Y la lucidez embotada era por herética elección deleitosa que se soñaba delictuosa un irreverente viaje extático del impulso desvergonzado a la evidencia de la impostura concertada.
La lucidez indigente
Tratando de armar simbólicamente con palitos lúmpenes un ilusorio castillo de naipes que de cuadrado pasa a pentagonal antes de inevitablemente derrumbarse en el rincón de lo que viene a ser un inframundo privado bajo los puentes viales de Iztacalco e Iztapalacra, circulando con indiferencia al lado de alguna prostituta suculenta o entre chacales desatados contra ellos mismos, recibiendo la oscura dádiva de una botella de aguardiente (“Chanito, toma tu charanda”) que ipso facto lo convierte en un teporocho privilegiado gracias a esa nocturna caridad en el barrio miserable, pagándose un reparador taco en un puesto de mariscos, depositándole devotamente una ofrenda a la Santa Muerte tan milagrosa, vaciándose a grandes sorbos ruidosos su bebida cual individualizado gozador solitario, ahora dentro de una especie de cuadrangular nicho rodeado de piedra, para enseguida dormirse con insólita placidez en ese útero callejero entre baldíos y muladares, el indigente andrajoso de pelambrera erizada y costras de mugre acumulada a quien llaman El Chano (Donaciano Hernández Pérez El Chano interpretándose a sí mismo) va después a deambular de mañana por las calles, empujando un carrito del súper que le sirve para ir amontonándole encima los grandes envases de cartón y las botellas de plástico que recoge en los basureros y que por último venderá por kilo en un depósito. Así, tranquilo, sin mayores preocupaciones ni ataduras, acaso feliz y marginal, el precarista vive al parecer en perfecto equilibrio con su entorno social.
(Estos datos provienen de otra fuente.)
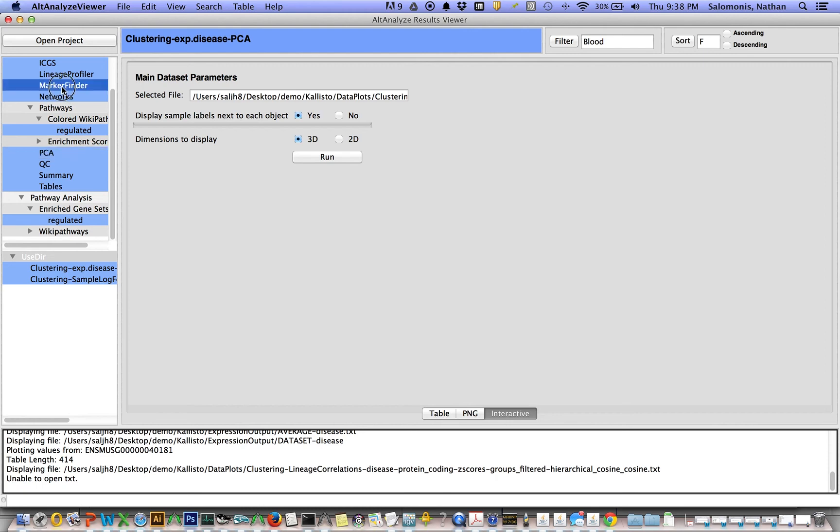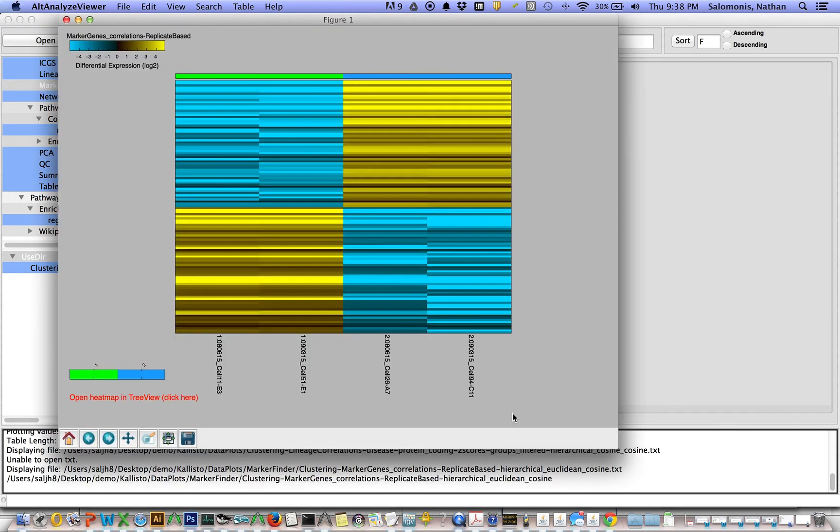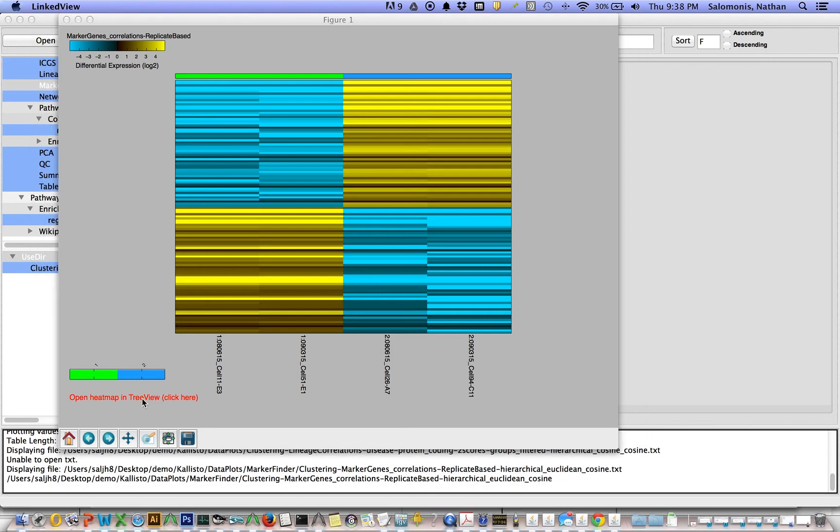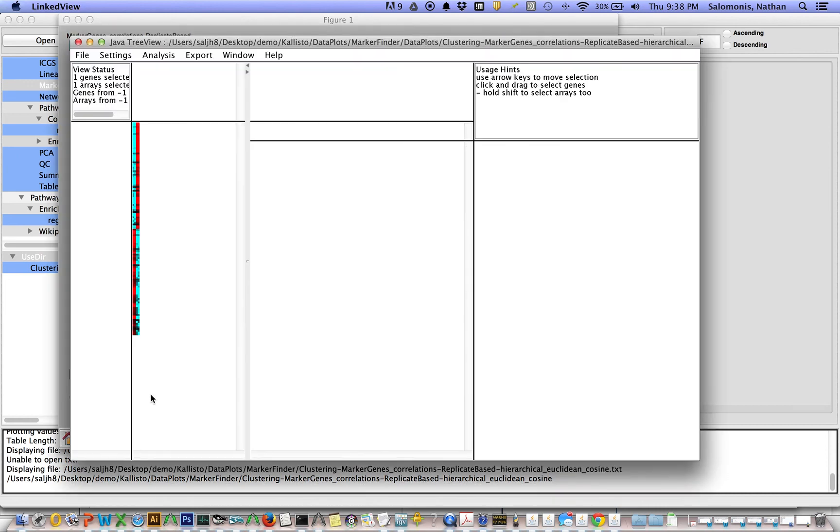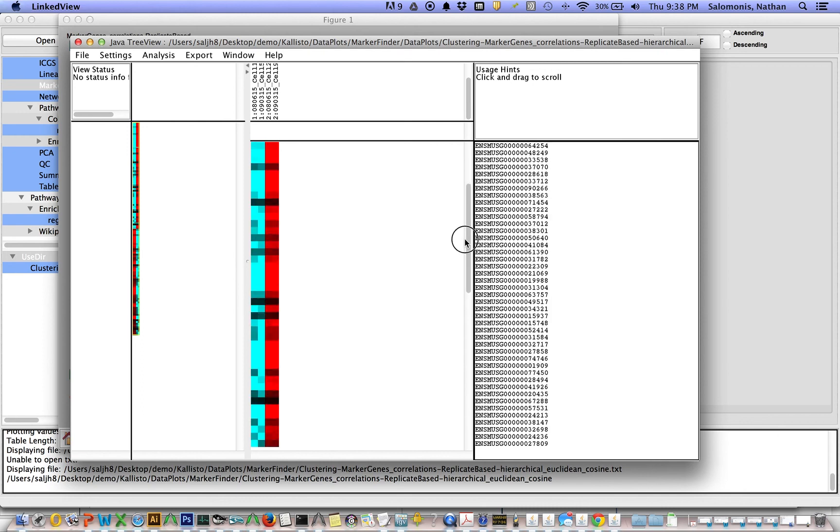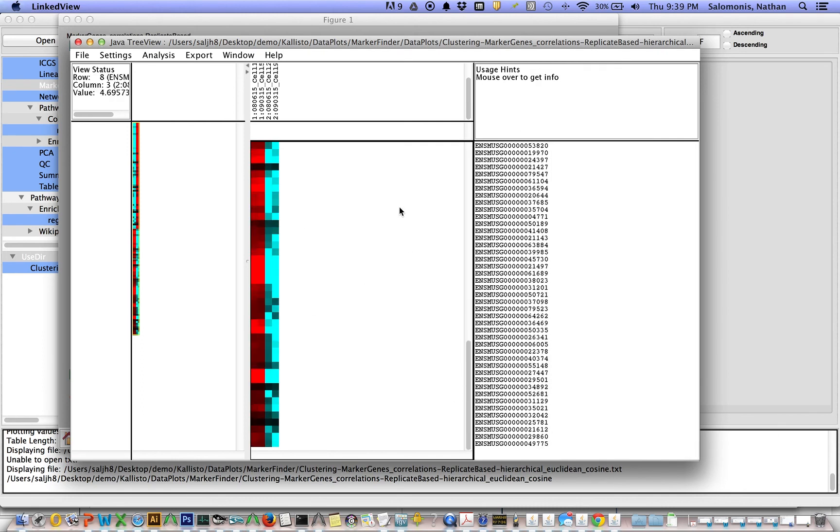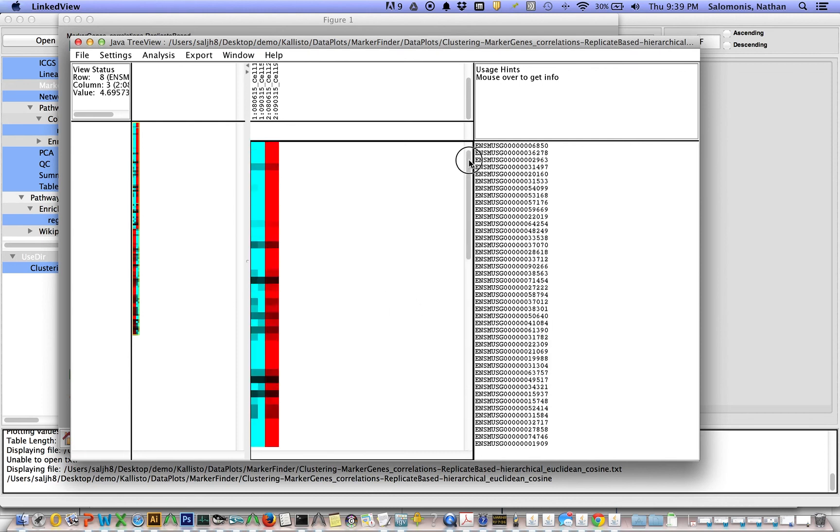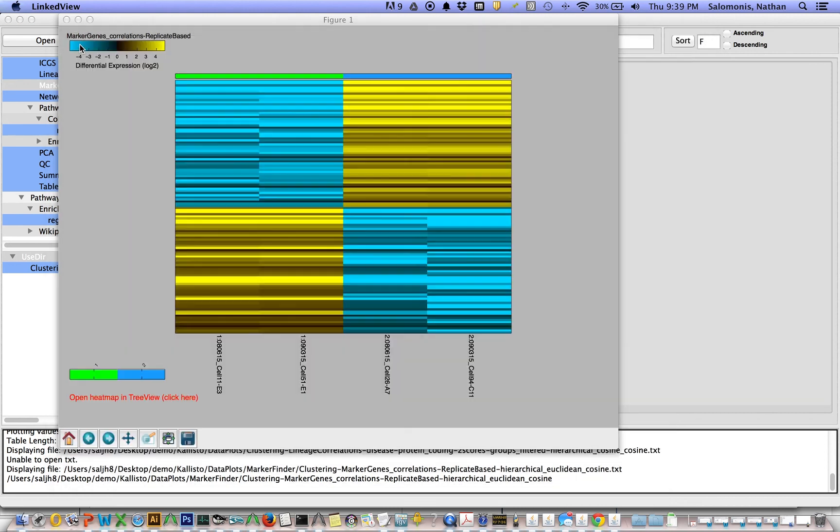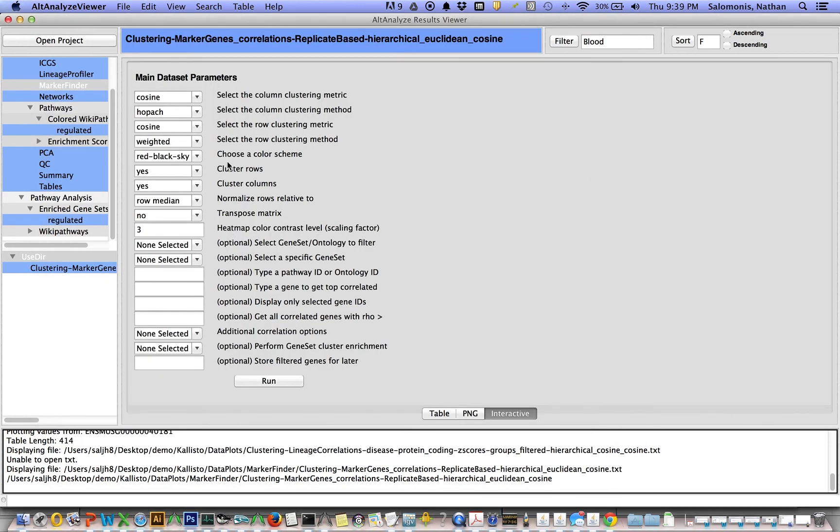You can view the marker finder results as an interactive heat map. If you click this open heat map in tree view option, this will open up the program tree view. And again, you can select individual genes and explore them. These happen to have Ensembl gene IDs. If this is not desirable, you can actually convert these in other tools within AltAnalyze to gene symbols.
Pero un mal día esa admirable armonía va a romperse. Alguien lo busca, lo hace reportarse en una humilde morada y hallarse en su trono invadido por la asexuada comadre Rosa (Mercedes Hernández) que le ruega auxiliarla en un terrible apuro: sacar de la comisaría a su hijo Rodrigo, en malos pasos y detenido por violación y quizá homicidio. Sin pensarlo dos veces, impulsado por esa ineludible urgencia moral, el harapiento se decide, se despoja de sus harapos, se baña, se afeita, se agencia un atuendo decente, se alista, pronto se calará al cinto el fierro verdugo-justiciero que le proporcione un cuate en una feria de la colonia contigua y, en busca de dinero, empieza por visitar en su guarida a un antiguo compinche dealer apodado El Chabelo (Gerardo Martínez Pichicuás), quien, a punta de pistolas, le hace entregar unos cuantos miles de pesos restantes de la última fechoría acometida junto con él e intenta convencerlo de que se reincorpore a su pandilla narcomenudista original, aunque ahora ésta ya no trabaja por la libre, sino para un patrón institucional.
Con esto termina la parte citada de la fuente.